What Finland illustrates is that mobile cellular penetration may exceed fixed line penetration even in countries that have already attained a high level of telecommunication development. In the past, a family would have obtained one fixed telephone connection. Today, it is not inconceivable that each member of the family will own their own mobile phone. |
Note — Analogue systems include: AMPS (Advanced Mobile Phone System), NMT (Nordic Mobile Telephony), TACS (Total Access Communications System). Digital systems include: CDMA (Code Division Multiple Access), GSM (Global System for Mobile), PDC (Personal Digital Cellular), PHS (Personal Handyphone System), TDMA (Time Division Multiple Access).
Source: ITU adapted from Dataquest, Ericsson, GSM MoU, CDMA Development Group.
Figure 2 — Alphabet soup (distribution of mobile cellular subscribers by technology (1998) and handset sales by supplier (1998))
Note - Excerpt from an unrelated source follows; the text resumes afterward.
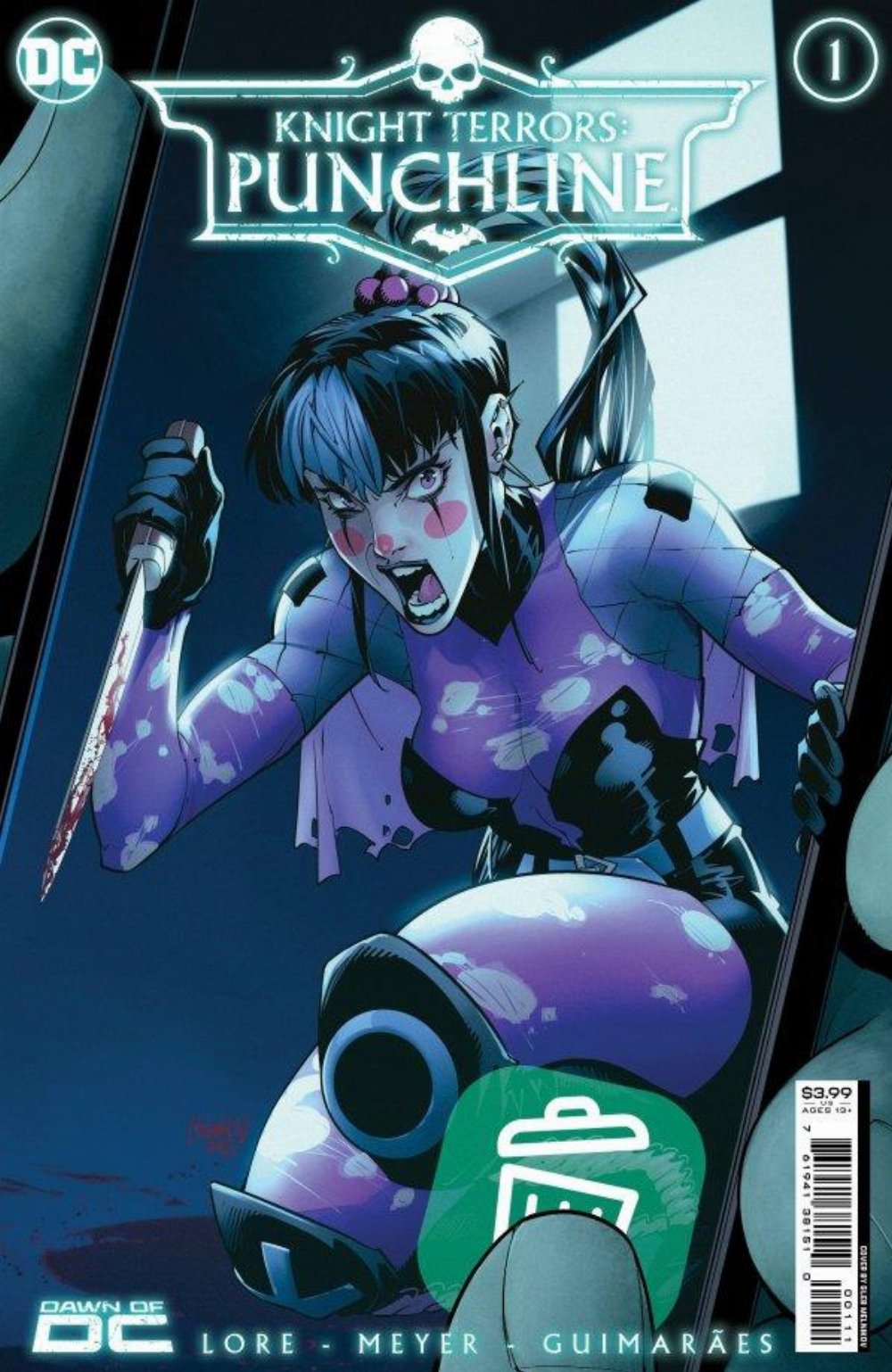 Τεύχος Κόμικ Knight Terrors Punchline #1 (OF 2)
In developing countries, the lack of regulatory skills and in some cases, the absence of an independent regulator, have narrowed the latitude for encouraging mobile operators to enlarge overall accessibility to communications. This begs the question of whether mobile cellular has grown so fast because of limited regulation or whether it would grow even more rapidly with it.
There is a need for some degree of mobile regulation, if for no other reason than to ensure services can operate without interference. One way this has traditionally been done is by limiting the number of operators. Frequency constraints, coupled with the high level of initial investment required (either because of significant licence fees, network construction expenditures or both) suggest that there are high barriers to entry and that the mobile cellular industry could never be a textbook example of a perfectly competitive market. As a result, there may be some areas where competition will not work as intended. For instance market distortions could arise, particularly in pricing, unless there is some form of regulatory oversight.
Mobile has emerged as a mini-industry in its own right with 1998 service revenues of USD 154 billion. At current trends, the value of mobile revenue will overtake total fixed line revenue worldwide (international and domestic) in about the year 2004. Indeed, revenues from fixed line telephone service have been in decline globally since around 1996. Were it not for revenues from mobile, the telecommunications sector would be shrinking rather than growing.
As stated earlier, it is not a question of whether mobile cellular subscribers will overtake fixed telephone lines,
but when. In poor countries, mobile is being used to rapidly install badly needed telecommunication infrastructure. In
rich countries, the functionality of mobile appeals to users long-tied to their fixed telephones. This explains why the
number of new mobile subscribers has surpassed new fixed ones every year since 1996. Last year there were almost twice
as many new mobile subscribers as fixed ones. Sometimes, towards the end of the next decade, the number of mobile
telephone subscribers will exceed fixed lines. The crossover point could occur much sooner if mobile prices — which
are currently considerably above costs — come down and if the new IMT-2000 global mobile standard — to be introduced
commercially in some countries in just a few years — takes off. The success of mobile is something to ponder. It will
have taken the mobile industry a little over two decades to reach one billion subscribers; fixed networks will have
taken more than one hundred and twenty years to reach the same number.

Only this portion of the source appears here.